Cracks appear in election alliance

Accusations that a number of opposition and third force political parties are receiving money from a Burmese business tycoon has pushed one party to withdraw from an alliance created to shore up opposition support prior to elections.

The Democracy and Peace Party (DPP) said it has “temporarily suspended” itself from the six-party alliance, known as the Group of Democratic Party Friends, which includes the National Democratic Force (NDF).

It cited accusations published in a news journal that some of the other parties had accepted money from Hla Maung Shwe, chairman of the Myanmar Shrimp Association and vice chairman of Myanmar Egress.
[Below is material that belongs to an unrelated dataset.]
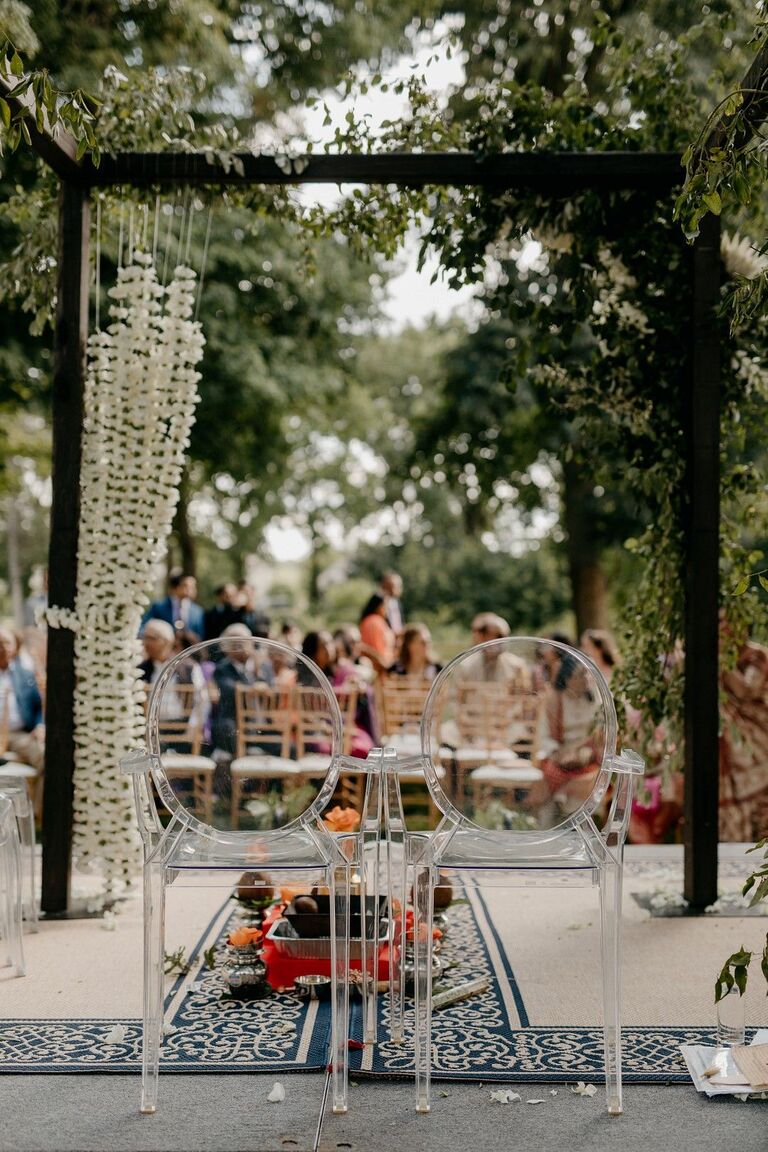 Boho mandap with ghost chairs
He is also the older brother of Brig-Gen Hla Myint Shwe, commander of the National Defence College. The allegations have been rejected by alliance members.

“We will never accept donations from any businessman or wealthy people – those people have ties with the government,” said Myo Nyunt, a senior DPP member. “The [news journal] specifically mentioned the NDF by name [as receiving money],” adding that it also mentioned ethnic Mon, Karen and Arakan parties, although not by name.
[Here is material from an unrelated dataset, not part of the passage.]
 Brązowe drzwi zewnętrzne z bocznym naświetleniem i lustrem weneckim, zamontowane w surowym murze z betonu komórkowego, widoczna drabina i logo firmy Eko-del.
The Union Democracy Party (UDP), Shan National Democratic Party (SNDP), Chin National Party and the Rakhine National Progressive Party are also members.

Both the SNDP and the NDF flatly denied the accusations. Khin Maung Swe, spokesperson for the NDF, which is fielding some 160 candidates in the 7 November elections, said that the party “didn’t take a penny from U Hla Maung Shwe, although it is true that we accept donations for individual parliamentary candidates.

“This can be made clear by checking the financial accounts at U Hla Maung Shwe’s company and see if they donated money to us. We heard that the authorities also had checked [the accounts] and they would have found out if the accusations were true but they aren’t.”

He added that the incident had raised concerns among the alliance that “we are going back to the old politics of punching below the belly-button.”

Altogether 37 parties will compete in the elections, with the junta-backed Union Solidarity and Development Party (USDP) widely expected to win. It will field close to 1000 candidates, while the UDP has put forward only three.